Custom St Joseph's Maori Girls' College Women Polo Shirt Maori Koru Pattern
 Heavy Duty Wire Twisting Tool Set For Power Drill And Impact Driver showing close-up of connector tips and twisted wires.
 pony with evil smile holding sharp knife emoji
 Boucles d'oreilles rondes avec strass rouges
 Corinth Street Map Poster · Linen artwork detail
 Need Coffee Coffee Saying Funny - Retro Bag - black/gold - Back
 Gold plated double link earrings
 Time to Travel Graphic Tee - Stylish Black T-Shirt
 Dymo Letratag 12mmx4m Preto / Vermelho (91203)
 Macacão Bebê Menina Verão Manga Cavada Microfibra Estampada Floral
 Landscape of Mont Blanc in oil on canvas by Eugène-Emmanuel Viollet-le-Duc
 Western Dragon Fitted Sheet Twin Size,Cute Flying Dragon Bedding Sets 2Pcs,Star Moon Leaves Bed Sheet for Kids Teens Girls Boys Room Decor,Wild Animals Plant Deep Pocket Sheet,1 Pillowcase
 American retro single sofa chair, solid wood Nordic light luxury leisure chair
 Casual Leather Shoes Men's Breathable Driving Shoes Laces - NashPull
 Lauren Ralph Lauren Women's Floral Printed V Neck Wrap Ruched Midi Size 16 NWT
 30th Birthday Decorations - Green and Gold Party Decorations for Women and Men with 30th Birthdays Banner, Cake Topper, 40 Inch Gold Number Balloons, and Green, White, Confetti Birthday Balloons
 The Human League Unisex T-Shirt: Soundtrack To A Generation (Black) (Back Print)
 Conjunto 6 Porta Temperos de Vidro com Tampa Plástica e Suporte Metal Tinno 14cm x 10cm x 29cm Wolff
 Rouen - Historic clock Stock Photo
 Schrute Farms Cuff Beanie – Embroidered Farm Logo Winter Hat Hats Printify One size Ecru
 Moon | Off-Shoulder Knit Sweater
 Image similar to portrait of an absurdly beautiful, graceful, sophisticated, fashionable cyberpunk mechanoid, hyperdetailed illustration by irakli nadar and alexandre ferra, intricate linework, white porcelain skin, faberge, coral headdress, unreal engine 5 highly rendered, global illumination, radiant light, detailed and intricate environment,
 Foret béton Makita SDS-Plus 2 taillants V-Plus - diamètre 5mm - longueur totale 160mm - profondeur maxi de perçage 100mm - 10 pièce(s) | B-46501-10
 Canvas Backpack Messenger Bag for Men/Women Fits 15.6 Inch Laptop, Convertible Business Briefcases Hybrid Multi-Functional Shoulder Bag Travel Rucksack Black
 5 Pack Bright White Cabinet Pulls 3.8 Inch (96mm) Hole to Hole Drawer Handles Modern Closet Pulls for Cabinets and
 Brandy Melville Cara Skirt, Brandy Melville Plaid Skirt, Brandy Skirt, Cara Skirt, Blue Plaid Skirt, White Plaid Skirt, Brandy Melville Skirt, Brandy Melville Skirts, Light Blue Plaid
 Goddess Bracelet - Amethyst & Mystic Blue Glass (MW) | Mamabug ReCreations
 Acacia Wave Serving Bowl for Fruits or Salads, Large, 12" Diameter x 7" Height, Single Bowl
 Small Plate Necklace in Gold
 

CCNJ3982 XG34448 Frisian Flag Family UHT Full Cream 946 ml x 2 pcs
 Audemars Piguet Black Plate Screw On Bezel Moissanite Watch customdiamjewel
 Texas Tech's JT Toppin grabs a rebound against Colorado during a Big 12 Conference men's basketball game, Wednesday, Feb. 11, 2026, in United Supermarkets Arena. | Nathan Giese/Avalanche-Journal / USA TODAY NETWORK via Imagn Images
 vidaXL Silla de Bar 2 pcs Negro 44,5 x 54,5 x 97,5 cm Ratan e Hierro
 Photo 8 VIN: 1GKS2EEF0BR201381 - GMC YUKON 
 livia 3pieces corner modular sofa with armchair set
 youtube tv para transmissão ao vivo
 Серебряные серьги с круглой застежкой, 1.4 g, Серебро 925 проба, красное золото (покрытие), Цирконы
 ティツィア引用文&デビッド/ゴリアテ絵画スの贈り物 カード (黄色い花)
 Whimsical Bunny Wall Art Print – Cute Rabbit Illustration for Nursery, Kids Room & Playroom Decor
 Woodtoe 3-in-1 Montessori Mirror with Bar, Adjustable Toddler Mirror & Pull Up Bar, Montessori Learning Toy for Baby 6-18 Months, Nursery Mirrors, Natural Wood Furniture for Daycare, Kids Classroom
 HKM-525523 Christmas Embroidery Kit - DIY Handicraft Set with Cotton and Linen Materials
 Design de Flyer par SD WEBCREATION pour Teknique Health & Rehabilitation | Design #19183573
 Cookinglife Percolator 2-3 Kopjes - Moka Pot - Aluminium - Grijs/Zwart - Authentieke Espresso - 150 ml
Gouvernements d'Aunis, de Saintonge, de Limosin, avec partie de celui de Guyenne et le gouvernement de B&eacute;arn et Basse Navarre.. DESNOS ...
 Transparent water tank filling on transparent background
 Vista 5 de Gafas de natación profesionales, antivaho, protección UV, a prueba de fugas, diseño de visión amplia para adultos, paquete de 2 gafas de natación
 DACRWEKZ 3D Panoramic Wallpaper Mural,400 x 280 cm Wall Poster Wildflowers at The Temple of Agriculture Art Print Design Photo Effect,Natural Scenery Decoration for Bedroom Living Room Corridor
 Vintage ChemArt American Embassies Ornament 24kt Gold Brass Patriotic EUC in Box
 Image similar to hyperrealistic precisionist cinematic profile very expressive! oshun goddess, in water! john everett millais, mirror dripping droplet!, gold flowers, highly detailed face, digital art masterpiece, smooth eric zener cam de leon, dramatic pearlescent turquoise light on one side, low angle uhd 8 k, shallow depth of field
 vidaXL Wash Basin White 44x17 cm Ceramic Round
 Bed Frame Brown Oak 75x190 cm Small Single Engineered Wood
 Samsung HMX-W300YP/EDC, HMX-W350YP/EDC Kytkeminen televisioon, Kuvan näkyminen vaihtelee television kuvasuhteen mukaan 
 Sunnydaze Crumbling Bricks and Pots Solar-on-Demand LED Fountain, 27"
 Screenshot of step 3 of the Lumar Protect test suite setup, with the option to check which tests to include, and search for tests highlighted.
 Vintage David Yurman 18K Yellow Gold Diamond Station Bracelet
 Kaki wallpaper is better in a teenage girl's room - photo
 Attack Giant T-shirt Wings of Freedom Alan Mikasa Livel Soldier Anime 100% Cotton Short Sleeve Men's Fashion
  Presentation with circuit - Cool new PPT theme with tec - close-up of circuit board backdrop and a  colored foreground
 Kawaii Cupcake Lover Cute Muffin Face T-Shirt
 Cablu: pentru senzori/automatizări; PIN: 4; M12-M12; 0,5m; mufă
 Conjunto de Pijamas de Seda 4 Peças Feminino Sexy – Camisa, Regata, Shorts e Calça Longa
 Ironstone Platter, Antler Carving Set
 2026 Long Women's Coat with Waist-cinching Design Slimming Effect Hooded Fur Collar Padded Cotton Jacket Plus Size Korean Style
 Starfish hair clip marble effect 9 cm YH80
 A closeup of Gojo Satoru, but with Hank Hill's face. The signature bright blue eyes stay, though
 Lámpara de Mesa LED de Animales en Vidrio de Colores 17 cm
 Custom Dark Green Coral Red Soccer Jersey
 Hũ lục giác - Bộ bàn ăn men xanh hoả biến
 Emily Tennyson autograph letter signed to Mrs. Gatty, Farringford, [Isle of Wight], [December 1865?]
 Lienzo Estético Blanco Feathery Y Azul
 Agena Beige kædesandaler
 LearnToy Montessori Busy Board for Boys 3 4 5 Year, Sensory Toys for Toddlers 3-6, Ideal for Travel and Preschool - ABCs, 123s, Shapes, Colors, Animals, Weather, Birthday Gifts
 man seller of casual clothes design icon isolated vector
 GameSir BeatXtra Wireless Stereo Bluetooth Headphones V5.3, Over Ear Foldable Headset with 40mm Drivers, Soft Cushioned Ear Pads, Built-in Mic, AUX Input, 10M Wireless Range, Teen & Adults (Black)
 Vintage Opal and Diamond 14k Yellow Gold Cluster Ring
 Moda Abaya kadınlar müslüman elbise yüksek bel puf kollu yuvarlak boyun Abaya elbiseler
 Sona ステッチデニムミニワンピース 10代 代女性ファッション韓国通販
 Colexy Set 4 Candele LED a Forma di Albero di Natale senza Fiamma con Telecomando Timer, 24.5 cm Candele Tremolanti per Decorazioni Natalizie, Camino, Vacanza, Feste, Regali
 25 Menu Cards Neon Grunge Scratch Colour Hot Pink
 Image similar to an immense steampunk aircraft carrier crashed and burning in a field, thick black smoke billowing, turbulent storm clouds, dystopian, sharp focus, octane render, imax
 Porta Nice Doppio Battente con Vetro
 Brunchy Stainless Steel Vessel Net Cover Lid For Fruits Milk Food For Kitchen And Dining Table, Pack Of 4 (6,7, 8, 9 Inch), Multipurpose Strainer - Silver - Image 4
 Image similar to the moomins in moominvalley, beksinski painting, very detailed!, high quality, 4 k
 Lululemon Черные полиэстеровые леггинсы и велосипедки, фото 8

• • • • •

**Task to complete**
Nothing should appear in the answer except the lines above from the line with "Ironstone Platter, Antler Carving Set" through the line with "man seller of", both included, written out exactly.

**Exercise solution**
 Ironstone Platter, Antler Carving Set
 2026 Long Women's Coat with Waist-cinching Design Slimming Effect Hooded Fur Collar Padded Cotton Jacket Plus Size Korean Style
 Starfish hair clip marble effect 9 cm YH80
 A closeup of Gojo Satoru, but with Hank Hill's face. The signature bright blue eyes stay, though
 Lámpara de Mesa LED de Animales en Vidrio de Colores 17 cm
 Custom Dark Green Coral Red Soccer Jersey
 Hũ lục giác - Bộ bàn ăn men xanh hoả biến
 Emily Tennyson autograph letter signed to Mrs. Gatty, Farringford, [Isle of Wight], [December 1865?]
 Lienzo Estético Blanco Feathery Y Azul
 Agena Beige kædesandaler
 LearnToy Montessori Busy Board for Boys 3 4 5 Year, Sensory Toys for Toddlers 3-6, Ideal for Travel and Preschool - ABCs, 123s, Shapes, Colors, Animals, Weather, Birthday Gifts
 man seller of casual clothes design icon isolated vector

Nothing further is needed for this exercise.